Em Tóquio, Warholm marcou incríveis 45,94 segundos, enquanto o norte-americano Rai Benjamin e o brasileiro Alison do Santos também estiveram dentro da marca de Young, intocável durante quase três décadas.
Como os céticos não reagiram com adulação, mas com perguntas sobre o impacto aparentemente óbvio dos novos espigões de sola grossa e banhados a carbono e a pista de Tóquio com “retorno de energia”, Benjamin respondeu que poderia ter feito isso em qualquer lugar.
“Ninguém vai fazer o que acabámos de fazer”, disse ele. “Kevin Young, Edwin Moses (que bateu o recorde mundial por quatro vezes e ganhou duas medalhas de ouro olímpicas em 10 anos com 122 vitórias consecutivas), respeito esses atletas, mas eles não puderam correr o que acabámos de correr.”
História semelhante
Foi uma história semelhante, embora com margens menores, no evento feminino, onde Sydney McLaughlin e Dalilah Muhammad correram dentro do recorde mundial pré-Jogos de McLaughlin e quase um segundo mais rápido do que a marca estabelecida pela russa Yuliya Pechonkina em 2003, que durou 16 anos.
Claro, os tempos ficaram sempre mais rápidos e as inovações técnicas ajudaram, mas os recordes vistos agora, estão, nas palavras do próprio Warholm, “tirando a credibilidade da nossa modalidade” enquanto ele criticava bizarramente os sapatos de carbono de Benjamin por terem solas mais grossas que os seus.
Um dos outros destaques do programa Olímpico de Tóquio foi a obtenção sem precedentes dos títulos dos 100 e 200 m pela jamaicana Elaine Thompson-Herah, pois, também auxiliada pelos picos de carbono, ela aproximou-se dos tempos extraordinários e extremamente duvidosos estabelecidos pela falecida Florence Griffith Joyner em 1988.

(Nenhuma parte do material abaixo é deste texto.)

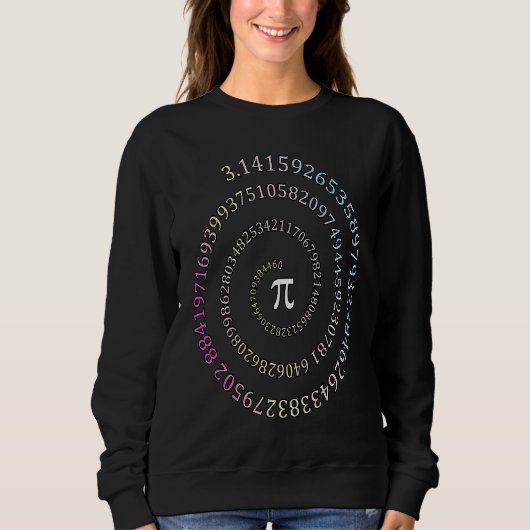 Sweatshirt Pi Day Math  Mathematics Teacher Student  1 (Devant)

É uma história semelhante nas estradas, onde as regras de design de sapatos da World Athletics para 2020 devem ser um dos maiores exemplos de fechar a porta do estábulo depois de o cavalo não apenas ter fugido, mas desaparecido nas colinas.
Os recordes continuam a cair em todos os níveis e este ano viu quase dois minutos varridos do recorde mundial da meia-maratona feminina.
Coe diz que é inútil agora tentar colocar essas performances aparentemente estupendas no contexto histórico e por exemplo, no caso das duas provas de 400 m barreiras, ele está certo de que os fãs deveriam sentar-se e apenas apreciar o impressionante confronto direto no maior palco de todos.
No entanto, talvez o evento mais edificante do ano do atletismo não tenha apresentado um recorde, ou um vencedor absoluto, já que Mutaz Essa Barshim do Qatar e o italiano Gianmarco Tamberi encontraram-se igualados após três falhas a 2,39 metros na final olímpica do salto em altura.
Barshim perguntou a um juiz: “Podemos ter duas medalhas de ouro?” E quando ele disse “sim”, e os dois explodiram de alegria, foi realmente um dos grandes momentos olímpicos.